Brookings’ Tony Downs: “Transit Subsidies Futile”
Brookings Tony Downs: Transit Subsidies Futile
Originally published in issue 40 of Tollroads Newsletter, which came out in Jun 1999.
Page:16
Subjects:transit subsidies futile
Sources:Tony Downs
Anthony Downs a veteran transp analyst at the Brookings Inst in Washington DC told a recent GAO sponsored conference that both smart growth and transit solutions to traffic congestion are certain to fail. He called local growth limits a total delusion.

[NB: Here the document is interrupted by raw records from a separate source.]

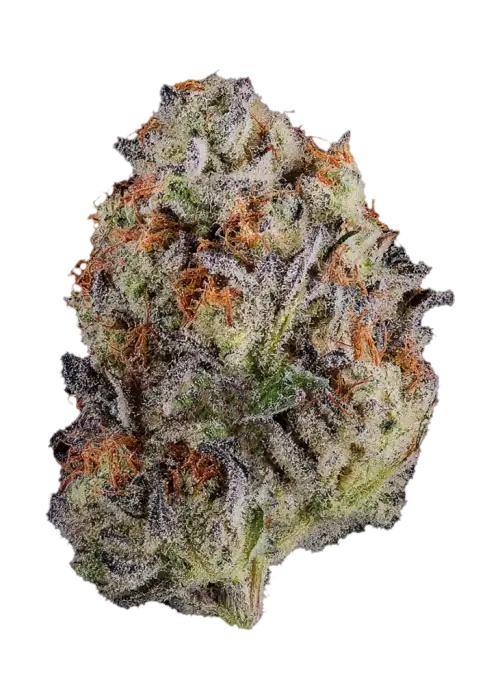 Sin City Kush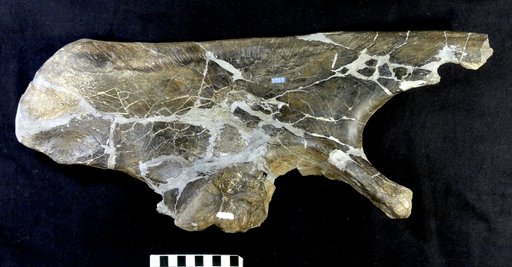 Camptosaurus nanus Marsh, 1894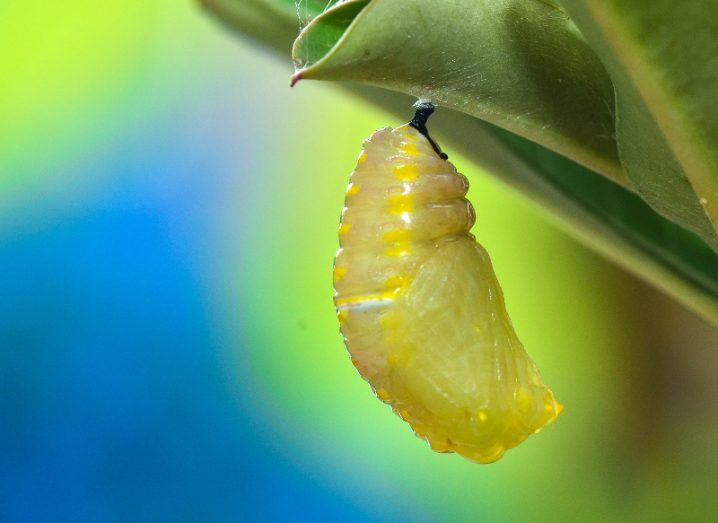 Chrysalis of a tiger butterfly hanging from a leaf against a blue and green background.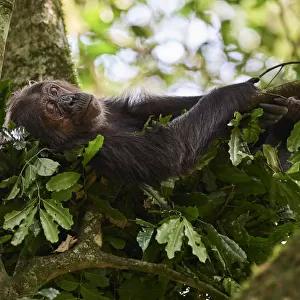 Chimpanzee female (Pan troglodytes schweinfurthii) sleeping in a nest built in a tree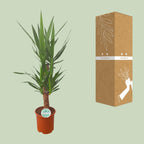 Yucca, kenmerkend blad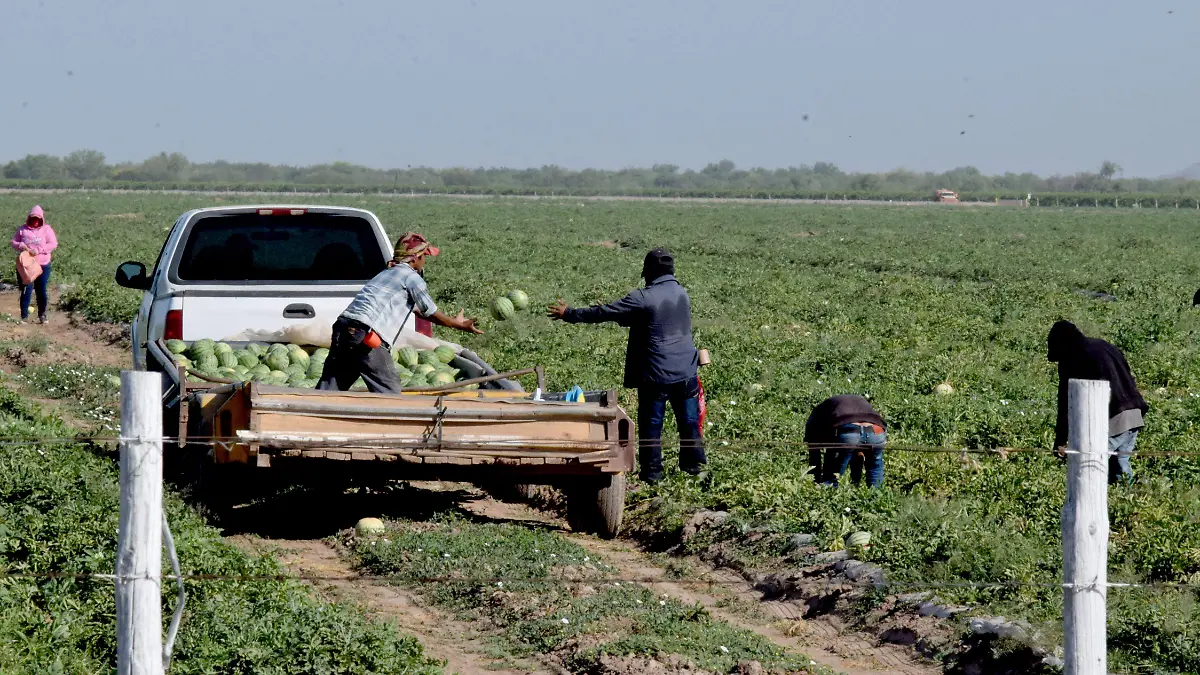 Jornaleros Agricolas Costa de Hermosillo-Carlos Villalba (17)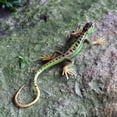 thumbnail image 3 of Lagarto artificial, indecolorable, vívido, colorido, reptil, lagartos, juguete, suministros para fiestas, azul, 3 of 5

Privately owned automotive vehicles will remain the dominant form of ground transport for the foreseeable future in the US. Attempts to cope with rising traffic congestion by shifting more people to public transit are not going to work. The automobile is, and will remain, a better form of movement for most people in spite of congestion. Its faster, safer, more comfortable, more flexible in timing, and in linking scattered origins and destinations... It will not be possible to lure any significant portion of auto-driving persons into using public transit by improving the quality, quantity or service frequency. One reason is that such a low percentage of all trips is now taken by public transit only 3.5% of work trips in 1995... Therefore even if we could triple the percentage of those using public transit which is extremely unlikely that... reduction would be offset by the increase in population which is going to be much larger...
Apologists for public transit say we need more subsidies... They should look at one number... Transit gets 25% of public spending on transport in the US at all levels and provides between one and two percent of all trips. Thats a fairly impressive subsidy.